Results: In the preconception period, maternal exposure to macrolide (OR = 1.23 [95% CI: 1.02–1.48]), sulfonamide/trimethoprim (OR = 1.34 [95% CI: 1.07–1.69]) or tetracycline (OR = 1.26 [95% CI: 1.11–1.44]) antibiotics was associated with an increased odds of T1D. Prenatal, neonatal and postnatal antibiotic exposure was not significantly associated with T1D.

Conclusion: Preconception exposure to specific antibiotic classes may represent a modifiable maternal risk factor for T1D in the offspring. This would have implications for antibiotic prescribing guidelines but requires validation by the further study of defined antibiotic classes and their exact timing of preconception exposure.

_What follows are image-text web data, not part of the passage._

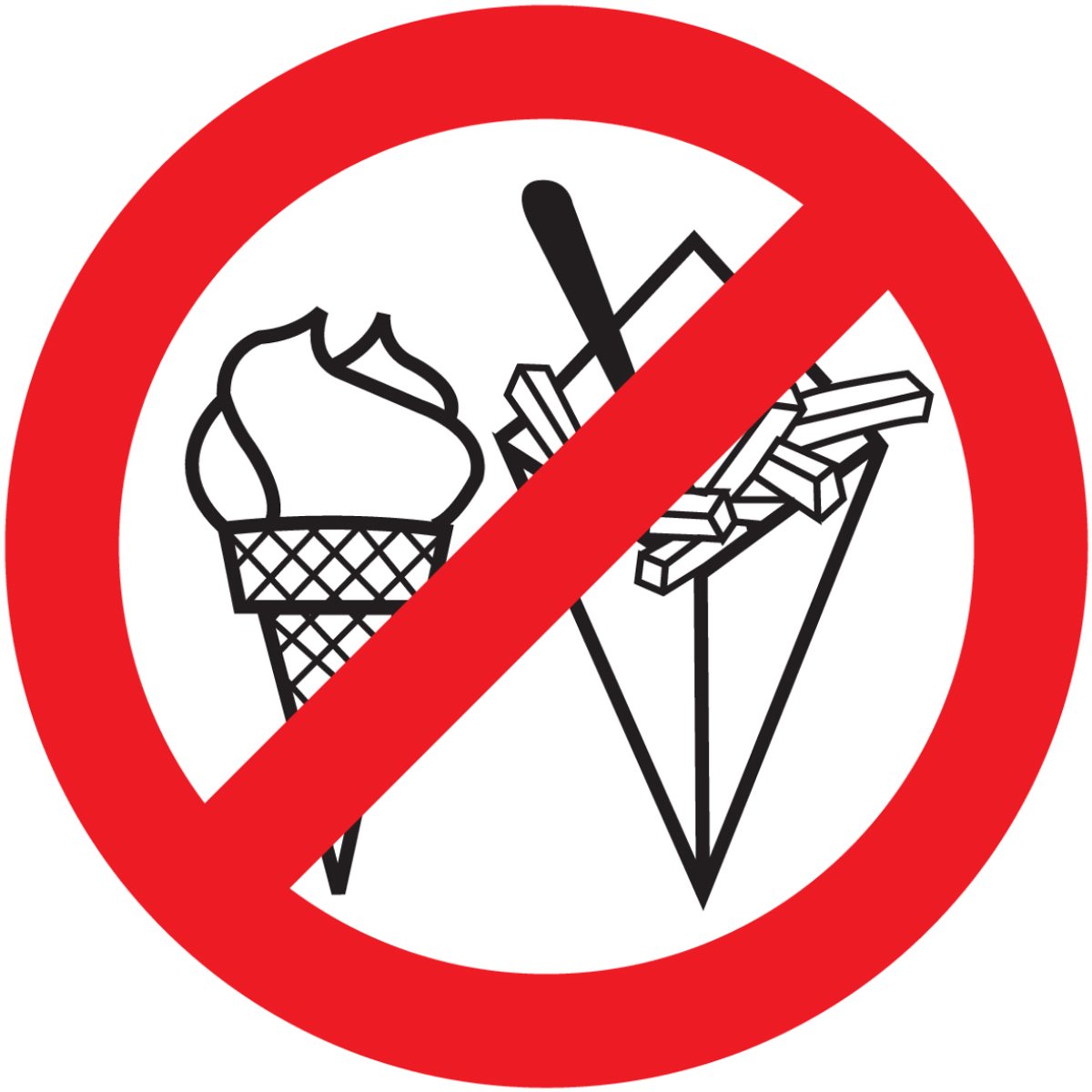 Sticker verboden eten ijs en frites. Geen friet patat en ijs. 10 cm.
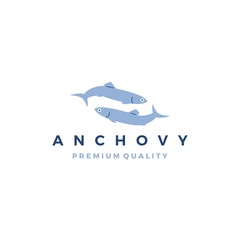 anchovy fish logo vector icon seafood illustration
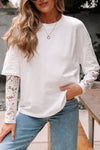 Hallie Lace Long Sleeve Insert Drop Shoulder Top - B.You Boutique & Boji Balloon Bar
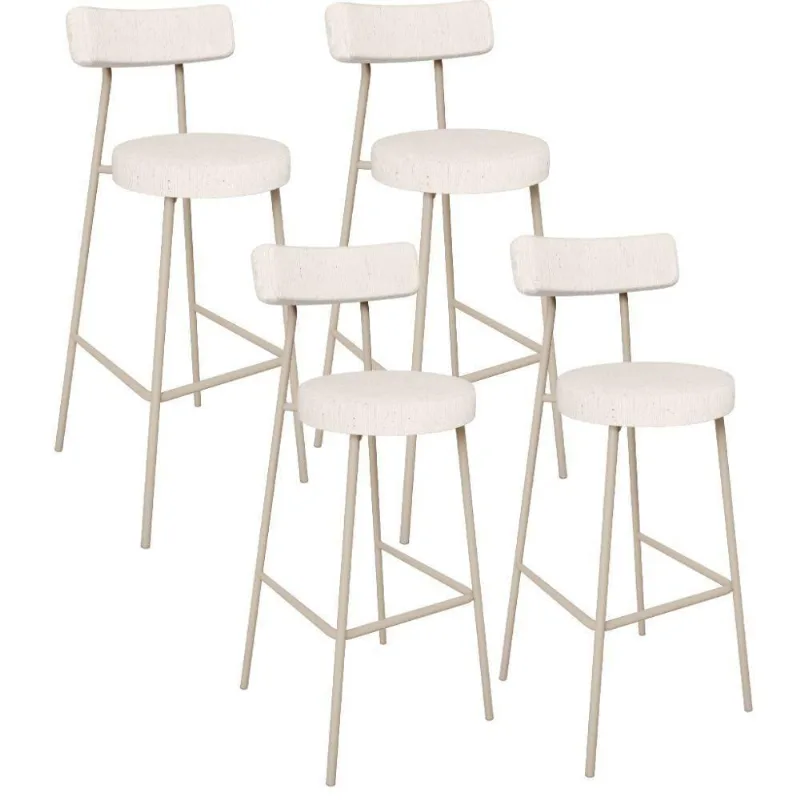 Kit 04 Banquetas Alta Bar Cozinha Sala De Jantar Aço Milão Arena L02 Linho Cru - Lyam Decor
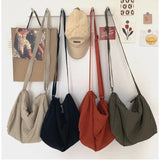 Nylon Shoulder Crossbody Bags Large Japanese Satchel Female Messenger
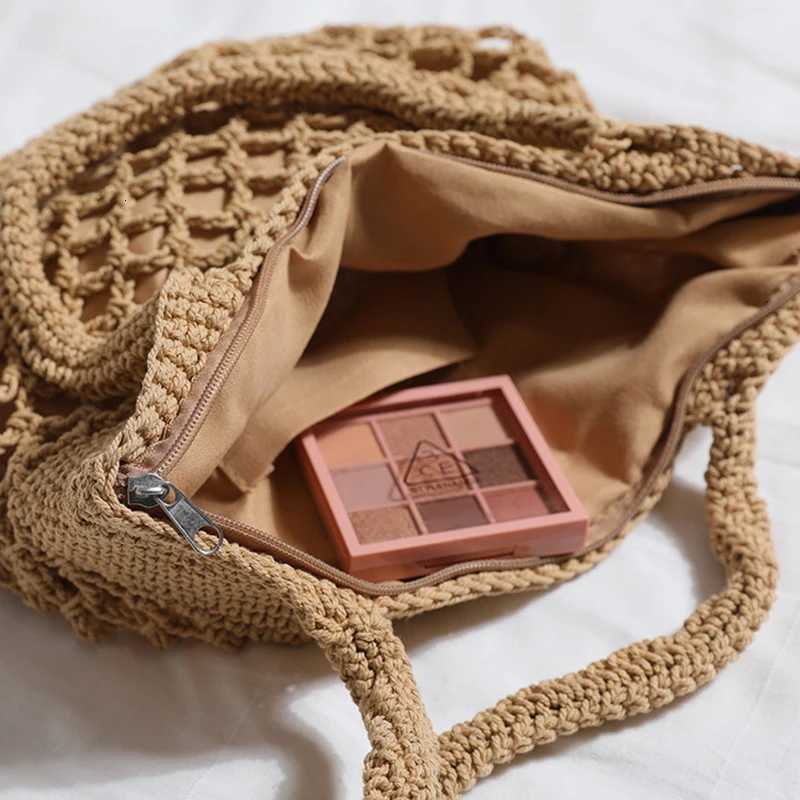 Vintage Bohemian Beach Bag for Women Summer Large Capacity Hollow Handbags Rattan Handmade Kintted Travel Shpping Totes M251216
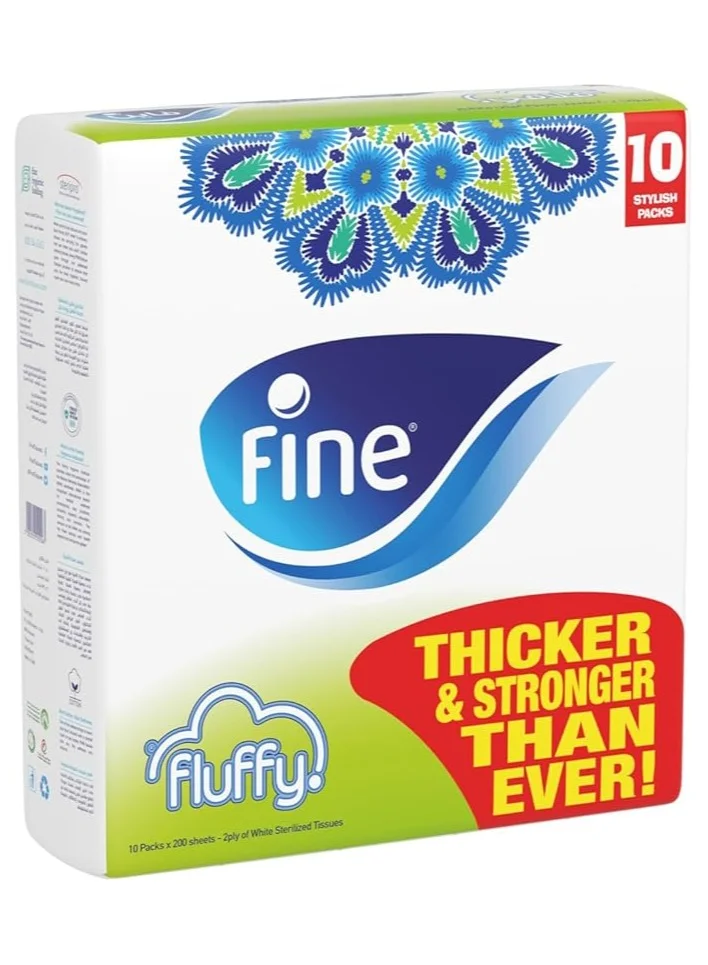 Fine Facial Tissues Premium Soft 2-Ply Paper (10 Packs, 130 Sheets Per Pack) 52apa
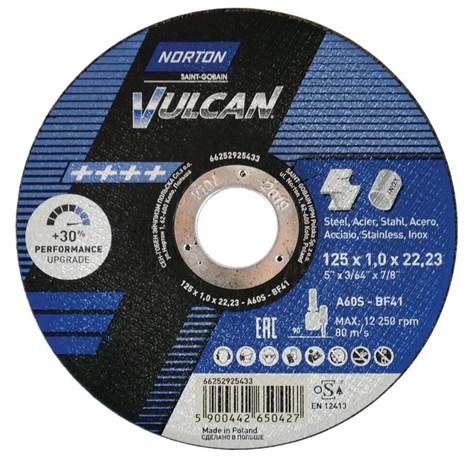Kovový rezací kotúč 125x1 NORTON Vulcan INOX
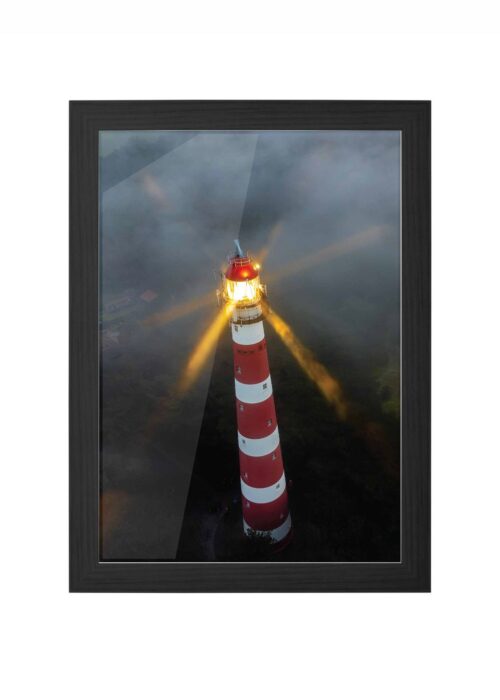 vuurtoren bornrif fotografie poster ingelijst in zwarte lijst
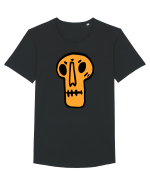 Halloween Orange Funny Skull Tricou mânecă scurtă guler larg Bărbat Skater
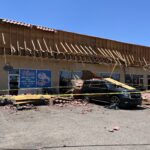 Phoenix fire crews respond after part of a shopping center roof collapsed near Cave Creek and Greenway roads. (Photo by Balin Overstolz McNair)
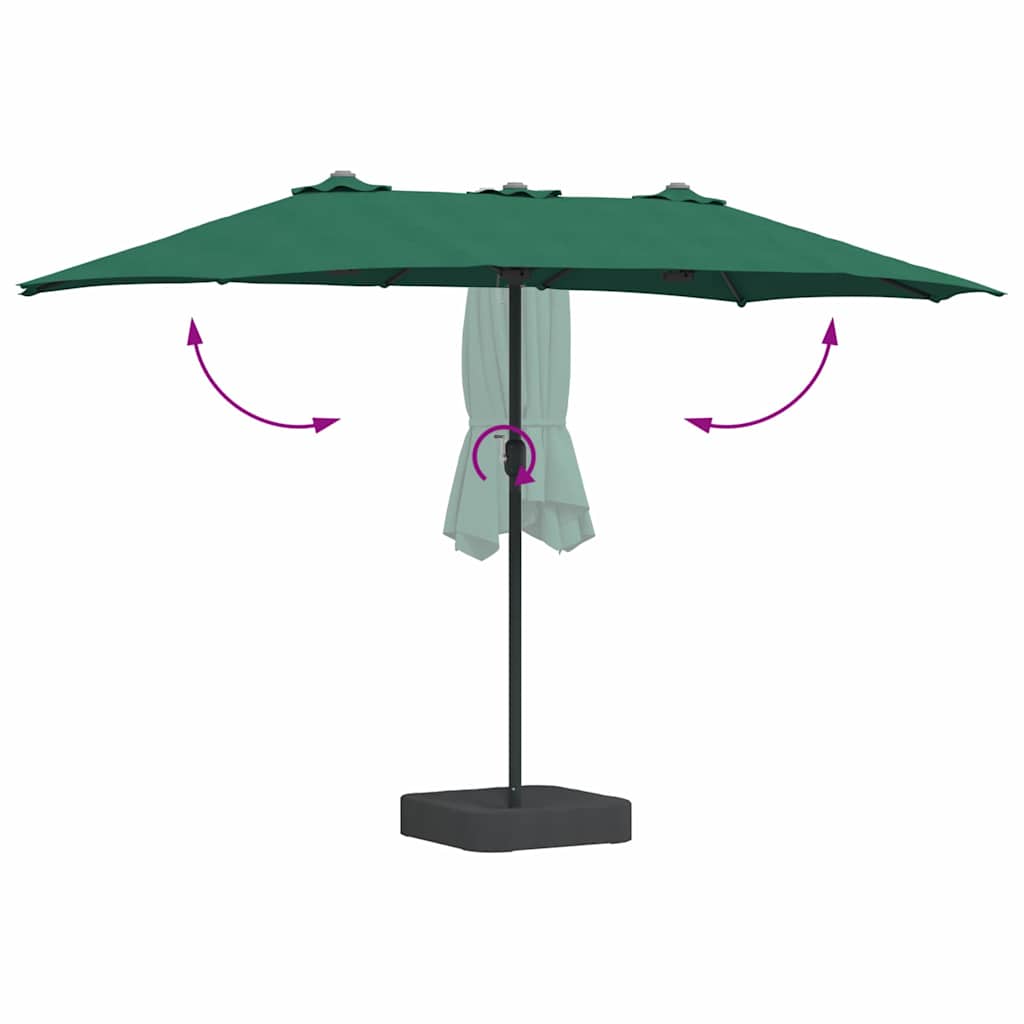 Garten-Sonnenschirm Grün 385 x 209 x 244 cm Polyester und Stahl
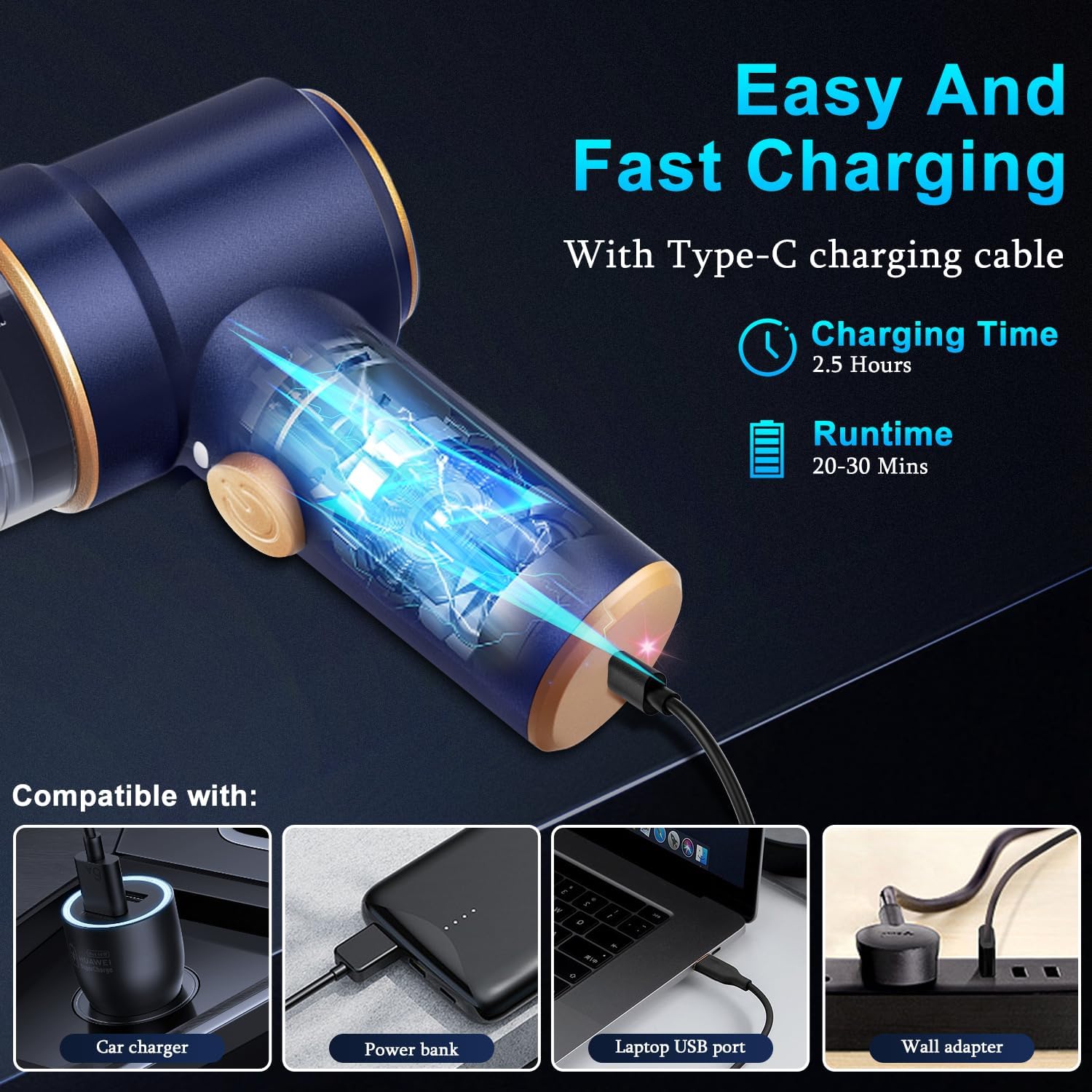 KMM Handheld Car Vacuum Cleaner, 9000Pa Vacuum Cleaner and Air Duster, 120W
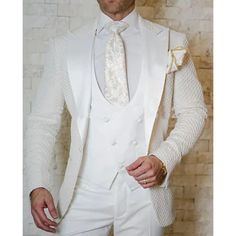 Luxury Designer Tuxedo Men Suits 3 Piece White Coin Patterned Suits Wedding Party Suits Elegant Suits Formal Fashion Suits Bespoke For Men Tuxedo For Wedding, Tuxedo Groom, Suit For Men Wedding, Men Costume, Prom Tuxedo, White Prom, White Tuxedo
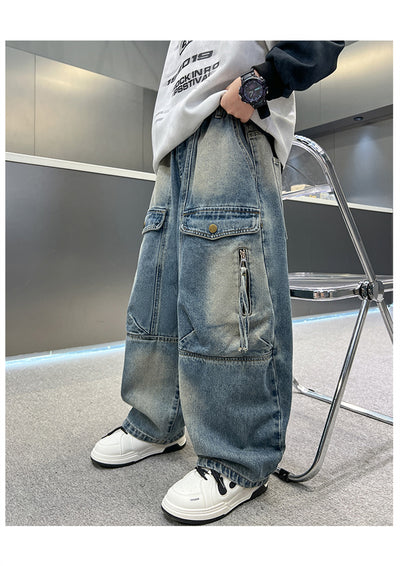 Pantalones Cargo Sueltos para Niños - Jeans Versátiles y Cómodos - Image 14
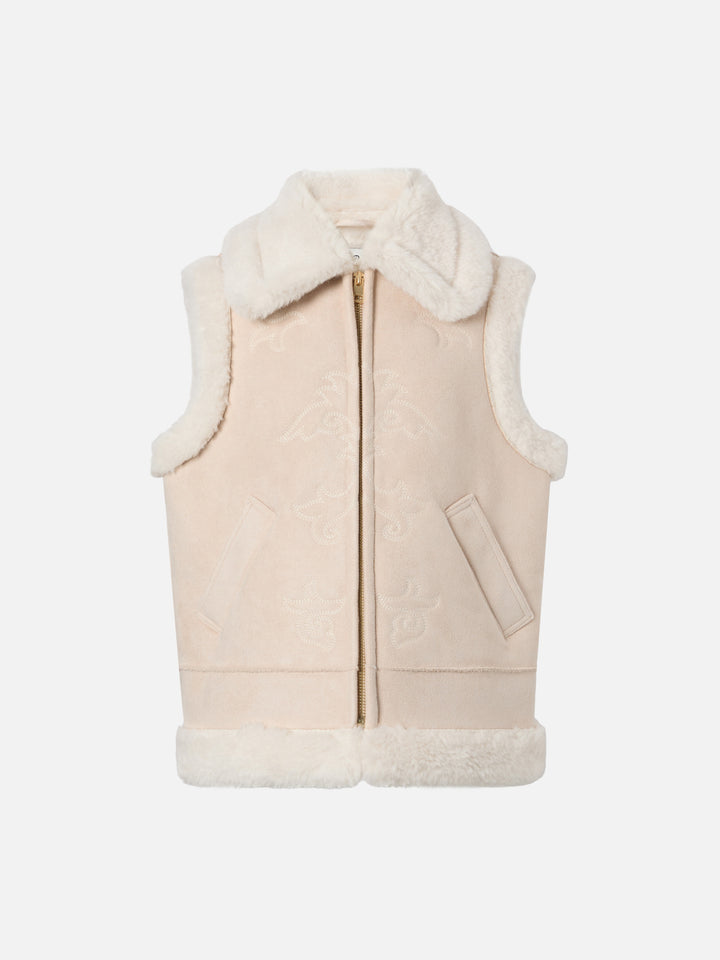Gilet Hesketh Jr in eco montone con ricamo texano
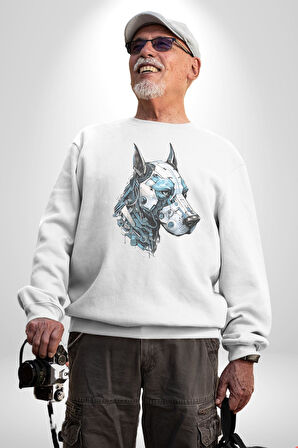 Robot Cyborg Köpek Doberman  Kadın Erkek  Beyaz Baskılı Sweatshirt 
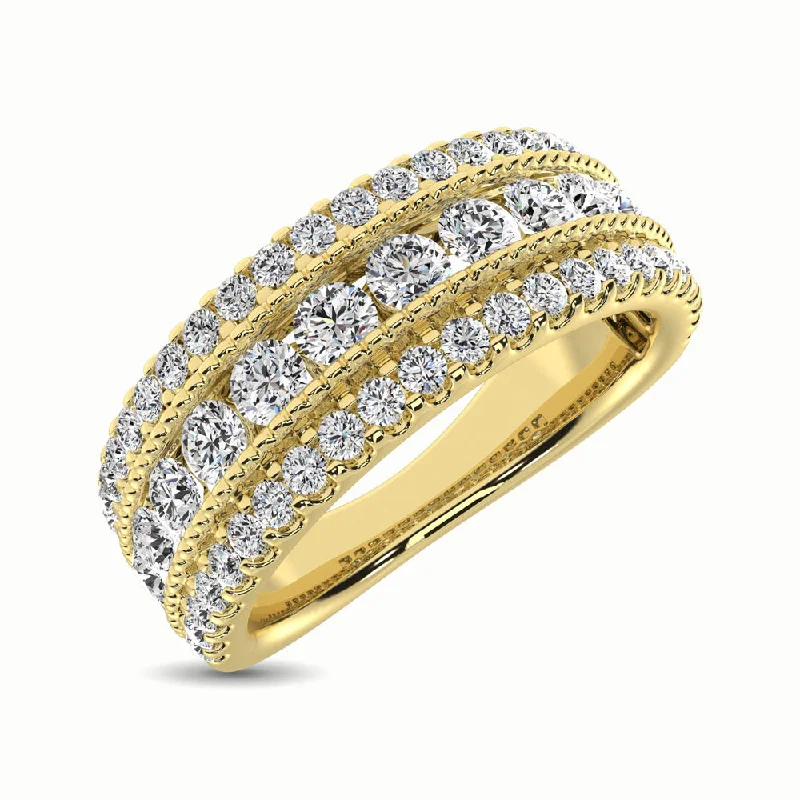 ladies eternity rings-14K Yellow Gold 1 1/3 Ct.Tw. Diamond Anniversary Ring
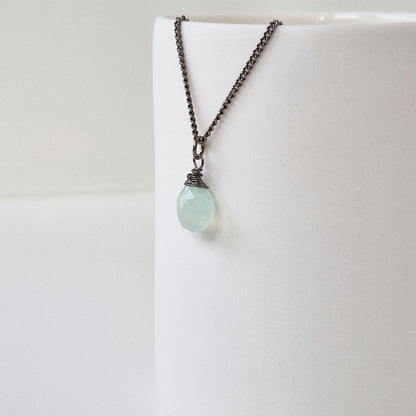 Titanium Necklace with Green Chalcedony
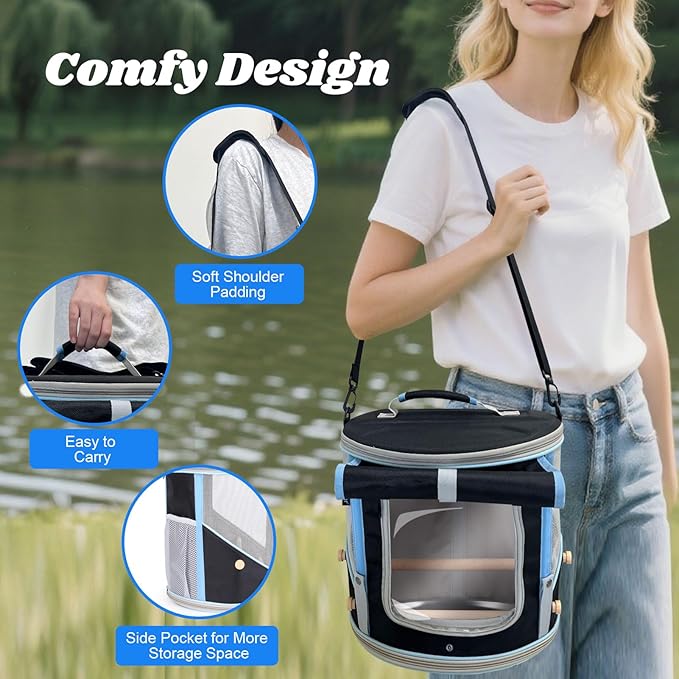 Small to Medium Bird Travel Carrier Cage, Portable Parrot Parakeet Cockatile Conure Transport Cage with Clear Window and Fabric Shade, Round Carry Bird Bag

Systematic review registration: The protocol was pre-registered on PROSPERO (CRD42024589374) and followed PRISMA guidelines.

Introduction

Type 1 diabetes (T1D) is a major disease of childhood, affecting over 1.5 million children worldwide, that is characterised by the progressive autoimmune destruction of insulin-producing β cells in the pancreatic Islets of Langerhans (1). T1D can result in acute metabolic disturbances such as hypoglycemia and ketoacidosis, and chronic cardiovascular, renal, retinal and neuronal complications. Along with the demands of daily management, these outcomes contribute to psychological stress and impaired quality of life. Additional to its burden on individuals and families, T1D imposes a substantial cost on the healthcare system (2). The incidence of T1D has been rising, due to changing environmental factors that increase penetrance of risk genes (3). While recent interventions with immune agents have slowed loss of β-cell function (4), long-term remission remains elusive. To alleviate the burden of disease it is important to focus on disease prevention and identify modifiable environmental risk factors.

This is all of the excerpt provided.